All participants completed an informed consent form before the VR simulation. They all reported no physical or mental conditions that would prevent them from participating in a VR simulation. They were informed about the side effects of using VR, such as cybersickness, and they were advised to stop the simulation anytime they wanted. Participants were also asked about their past experience using VR, and for PLE, 6/30 participants had played VR for less than 60 minutes during the past one year, and for PHE, 8/30 participants had the same experience. All participants had regular sight or had corrective lenses and no color vision deficiencies. They were compensated with gift cards for their participation.

2.3 Measurements

Quantitative measurements are based on participants’ performance within the simulation, and the following data were collected:

  1. (1)

    The patterns of evacuation behavior were used to summarize different types of behavior among participants after an alarm is triggered;

  2. (2)

    compliance behavior with the emergency alarm was used to examine evacuation efficiency after an alarm is triggered, and it was registered as a dichotomous response based on “evacuated” (participants evacuated from the building) or “not evacuated” (participants remained in the building);

  3. (3)

    Three open-ended questions were asked to understand the reasons/motivations behind behaviors: (a) What is the meaning of the sound? (b) What did you do after the sound, and c) Why?

  4. (4)

    The simulator sickness Questionnaire (adapted from Kennedy et al. 1993), the presence Questionnaire (adapted from Witmer and Singer 1998), and the usability Questionnaire (adapted from Witmer and Singer 1998) were mainly used as control variables.

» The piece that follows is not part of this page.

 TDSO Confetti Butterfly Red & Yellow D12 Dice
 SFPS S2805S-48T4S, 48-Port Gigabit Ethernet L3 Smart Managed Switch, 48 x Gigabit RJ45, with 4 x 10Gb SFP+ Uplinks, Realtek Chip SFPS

All subjective questions and scales used were administered in Chinese and later were single back-translated into English (Talbert et al. 2013).

2.4 Narrative

The sense of the presence of human subjects is a fundamental factor that determines the usefulness of virtual environments and the ecological validity of VE-based studies (Zou et al. 2017; Schuemie et al. 2001). Achieving a sufficient sense of the presence, it is essential to highlight the importance of narrative context (Gorini et al. 2011) in creating a credible scenario, which can increase the illusion of participants being in a virtual environment but acting as if they were in the real world.

For this study, a narrative context where the participants need to be attending a dream job interview at an international hi-tech company called “Godden Silver (GS)” was created. The context described general information, such as core values, current employment situation, and global development strategy. It specifically introduced the GS working benefits for all professions, such as a nearby location, relatively high salary, complete holiday and insurance system, and even education funding for kids. This opportunity is considered lucrative for most employees worldwide, and fortunately, the company has scheduled a first-round simulation job interview with the participant. The competition was informed for involving participants in the simulation, in which they needed to outperform other candidates to improve their chances of getting into the next round.

A pilot test was conducted with five volunteers to test the narrative, mainly considering its engagement, credibility, and easy understanding. They all reported that the narrative was easy to understand and found the content convincing and attractive.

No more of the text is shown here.